Il 2 agosto 1944 Raffaele Jaffe viene caricato su un treno diretto in Polonia, diretto al campo di sterminio di Auschwitz-Birkenau, dove arriva dopo un viaggio estenuante di quattro giorni, senza cibo e in condizioni disumane. Al suo arrivo, Jaffe e gli altri prigionieri vengono sottoposti come di consueto alla selezione: chi è in buona salute e in grado di lavorare da una parte; anziani, donne e bambini destinati alle camere a gas dall’altra. Raffaele Jaffe, che all’epoca ha 67 anni e non è in grado di fornire la forza lavoro di cui hanno bisogno i nazisti, è destinato subito alla camera a gas e ucciso il giorno stesso del suo arrivo ad Auschwitz.
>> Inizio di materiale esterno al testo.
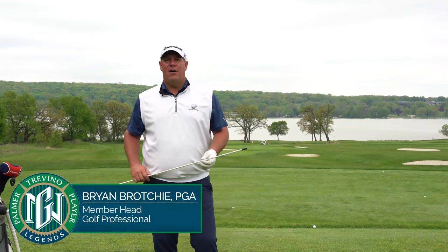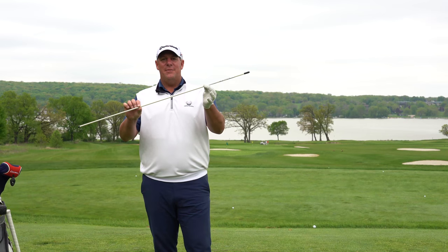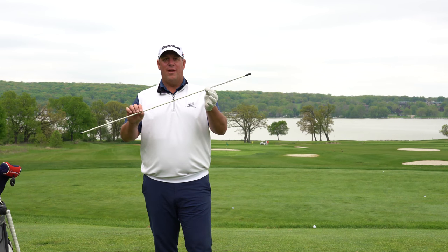Hello, my name is Ryan Brocci, Member Head Golf Professional here at Geneva National Resort and Club. Today I'm here to discuss how this alignment stick can be the most important part to helping your short game.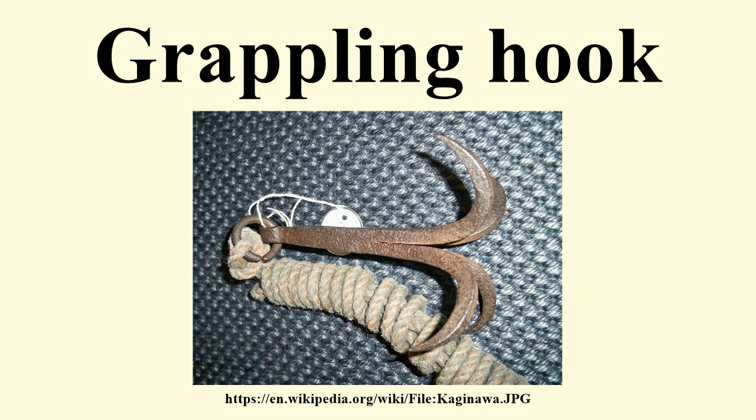In such use cases, the grappling hook is launched in front of an obstacle and dragged backwards to detonate tripwire-fused landmines, and can be hooked on wire obstacles and pulled to set off booby traps on the wire.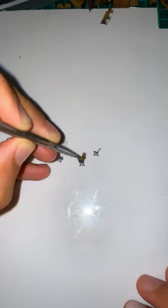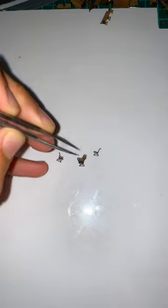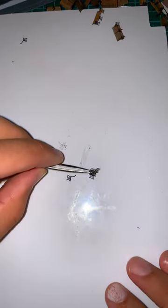Next, get your wooden slats and dip them into some glue and then just lay it down onto the bench side. Repeat the process with the other side.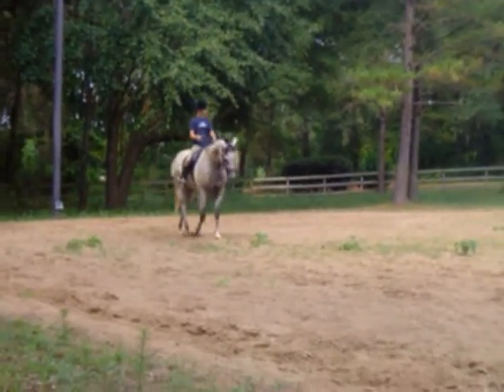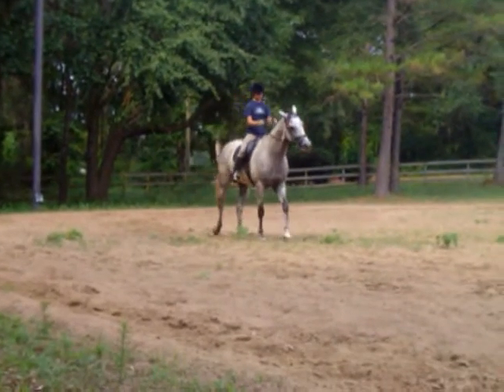Yeah, pull up. Nose above the flotation line. His nose has got to be above his hip.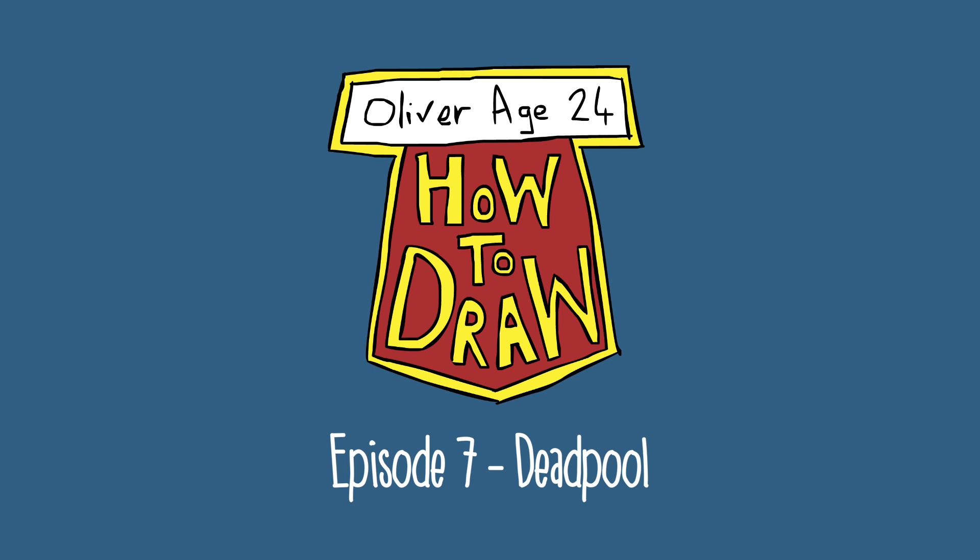Today I'm going to be drawing Deadpool, who was originally a background character in Wolverine Origins. But people liked him so much that they've given him his own film, just like the Minions from Despicable Me. He's basically the Minion of the comic book world. But anyway, let's quit with the history and start with the art history.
Nonostante la sua tragica fine, il contributo di Jaffe alla storia del calcio e alla cultura sportiva italiana rimane preziosissimo e indelebile dato che il suo metodo di lavoro innovativo è il prototipo di molte metodologie moderne. Oggi, a Casale Monferrato, il nome di Jaffe è ricordato con rispetto e gratitudine. Nel 2018 il Casale decide di dedicargli un torneo giovanile, per ricordare non solo il fondatore del club, ma anche l’uomo che credeva nella forza dello sport come strumento di crescita e integrazione, come un mezzo per unire le persone e trasmettere valori positivi. La storia di Jaffe dimostra però anche di come il fanatismo e l’intolleranza possano distruggere vite e culture.